What happened to Guillermo Del Toro’s The Hobbit?
After the financial success of The Lord of the Rings trilogy, New Line Cinema was interested in adapting The Hobbit to the big screen. Peter Jackson was offered the director role, but he turned the studio down. However, he did return as a writer and executive producer. In the spring of 2008, Jackson would hire his friend Guillermo Del Toro to direct The Hobbit. In addition to directing, Del Toro took on co-writing duties alongside Fran Walsh and Philippa Boyens. He would go on to move to New Zealand where the films were made.
The film’s production was plagued with problems from the start. First, New Line Cinema’s parent company MGM was going through documented financial troubles, causing them to drag their feet with the production. Script revisions had become so commonplace that filming was delayed multiple times. Filming was then slated to begin in 2010 but was delayed again because a cast hadn’t been lined up.
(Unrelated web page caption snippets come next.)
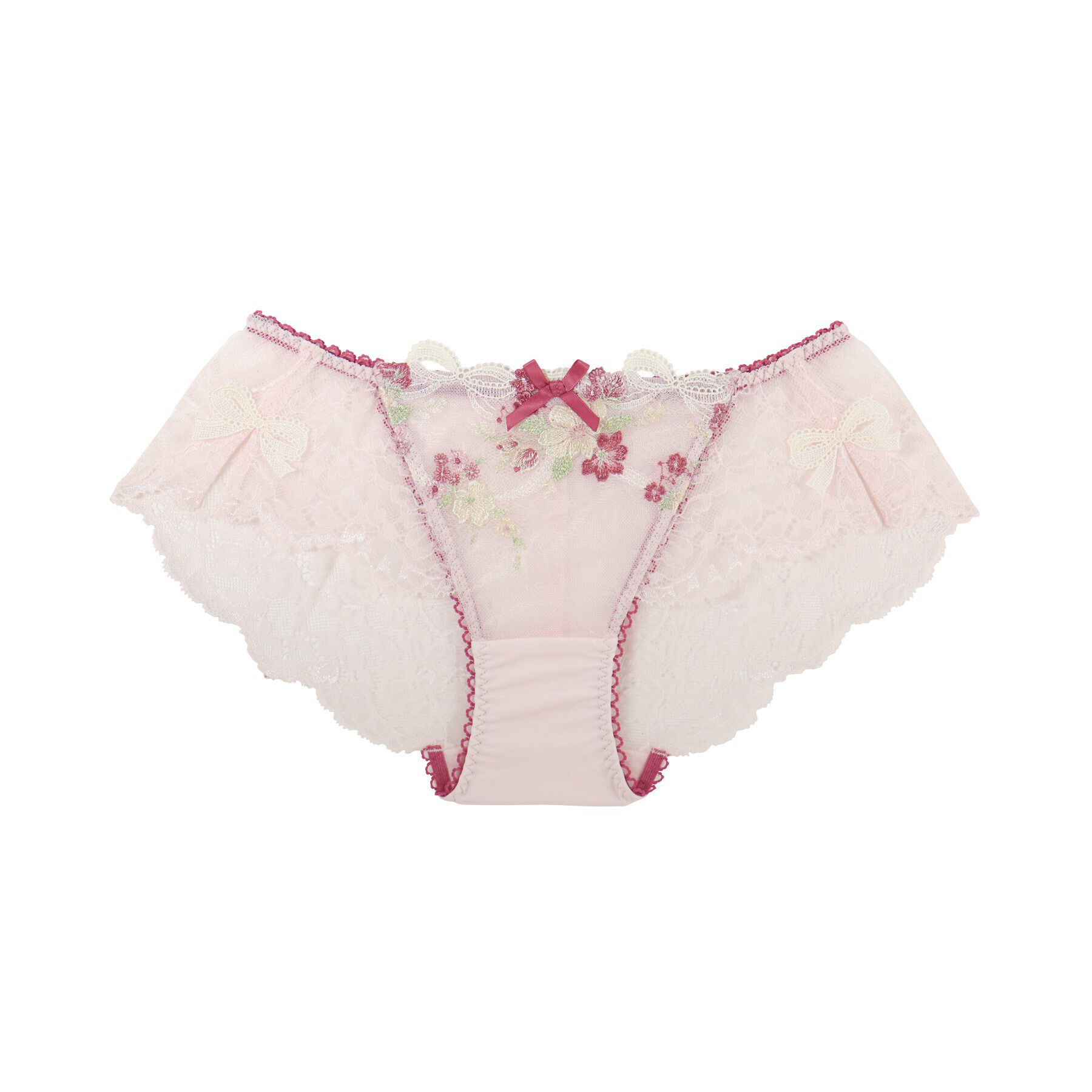 Risa Magli「ダニエラ レースショーツ」|インナー|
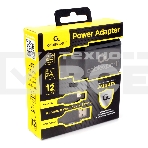 Адаптер питания Cablexpert MP3A-PC-35 USB 2 порта, 2.4A, черный + кабель 1м micro, фото3
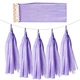 paper tassel ribbon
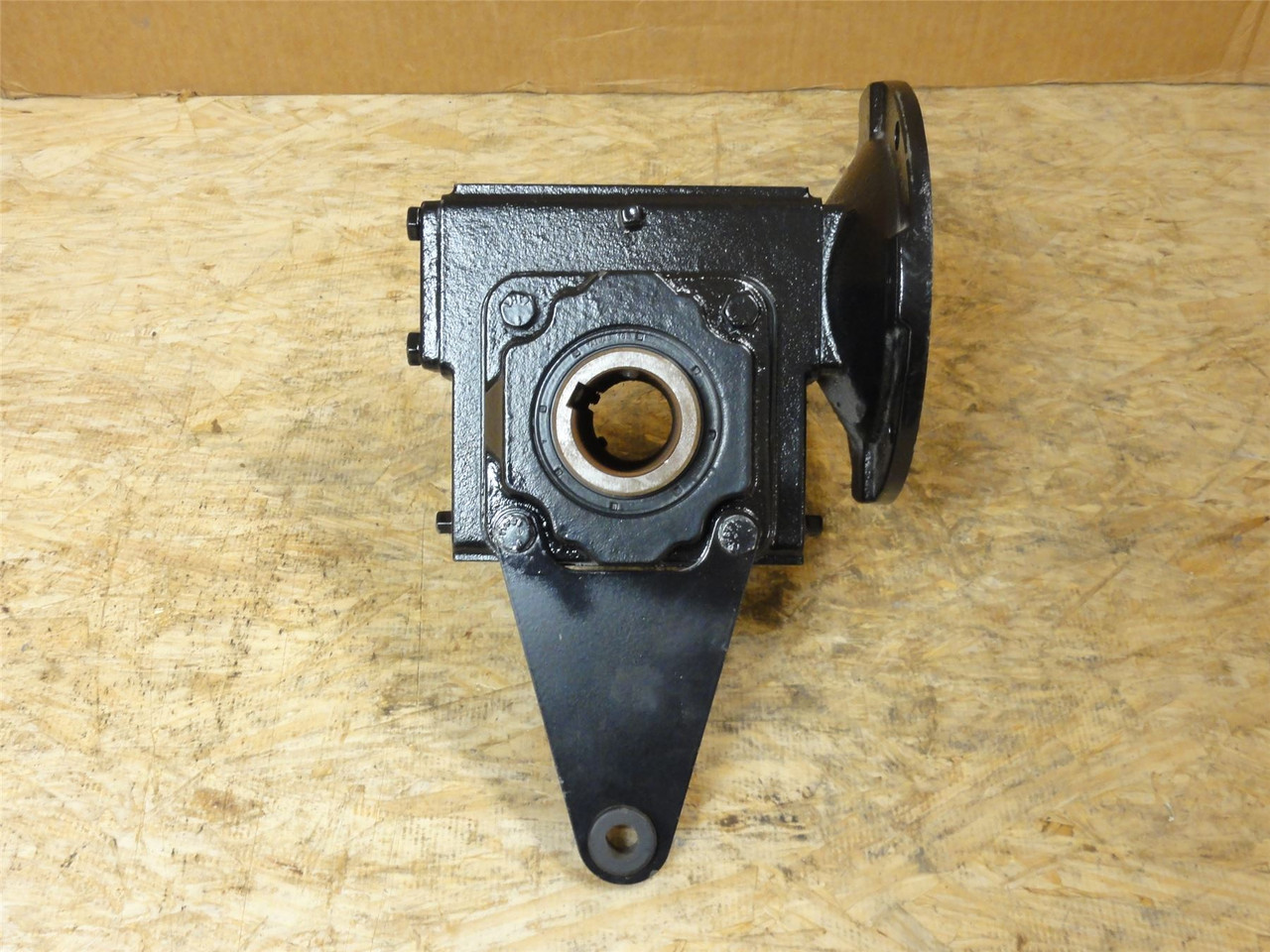 Winsmith E20MSRS504X0FT; Gear Speed Reducer 50:1 Ratio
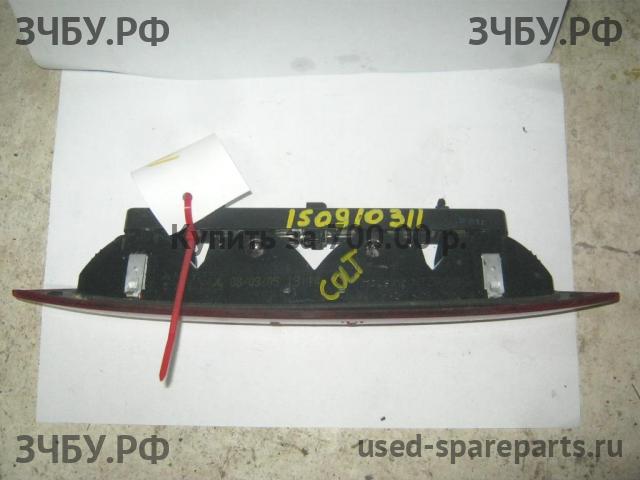 Mitsubishi Colt 6 (Z30) Фонарь задний (стоп сигнал)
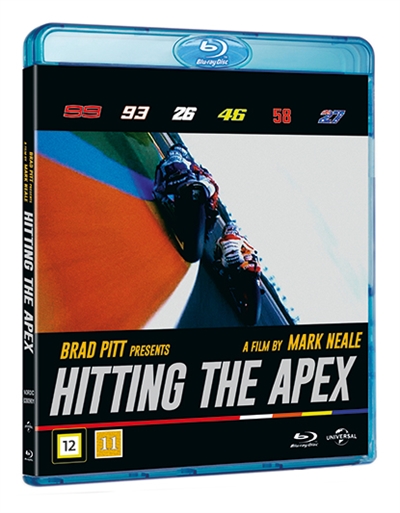 Hitting the Apex (2015) [BLU-RAY]
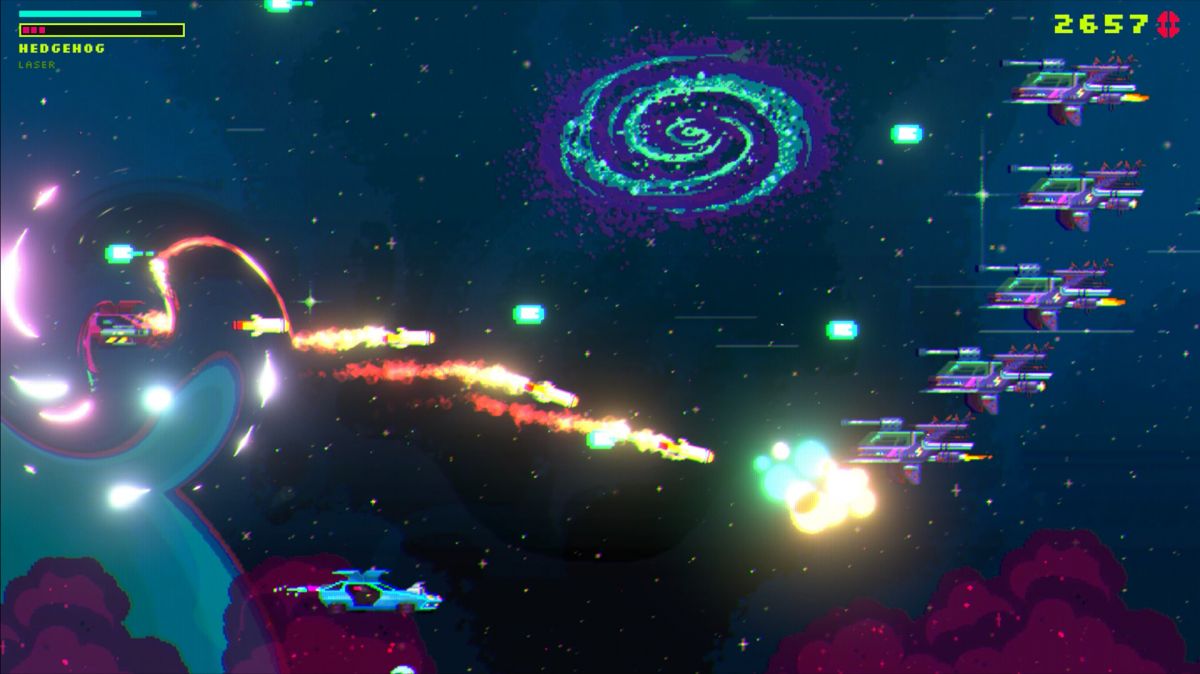Скриншот 6 к игре Black Paradox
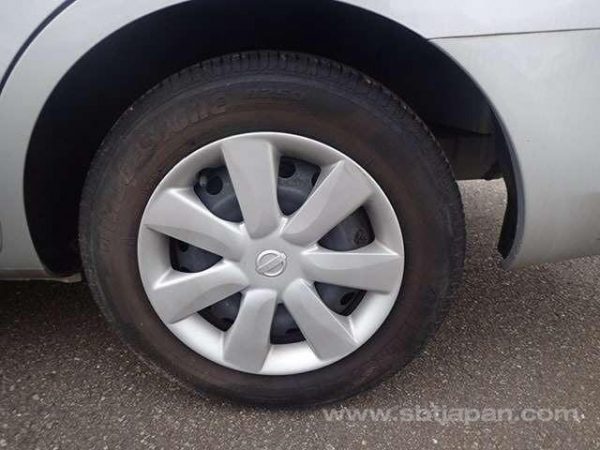 2013 NISSAN LATIO (Stock #: JM7497) - Image 22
Guillermo Del Toro planned to break the book into two movies. The first movie was to focus on the source material from the book while being light in tone and aesthetically different from The Lord of the Rings movies. He planned to be more faithful to Tolkien’s works. Originally, the ring simply made the wearer invisible. Once Tolkien began writing the sequels, the ring retroactively became a weapon of great evil. Del Toro wanted to portray this fairy tale setting of innocence for the first film. The second film would focus on Bilbo’s slow corruption into darkness by the one ring. Slowly, the first film's light tone would give way to a gritty darkness that would bridge the gap between these movies and The Lord of the Rings films. It was Del Toro’s vision to portray a world closer to the original drawings of Middle Earth found in the book. Not wanting to rely solely on CGI he planned to utilize a mix of animatronics and CGI for the monsters and creatures.
Unfortunately, Del Toro’s obligations to other productions forced him to eventually walk away from The Hobbit. Del Toro would go on to say that he harbored no hard feelings towards New Line or MGM and supported whoever was hired, and he still received screenwriting credit on the first movie. In an interview, years later Del Toro was asked if it was hard to leave. Del Toro responded, “It doesn’t get harder.”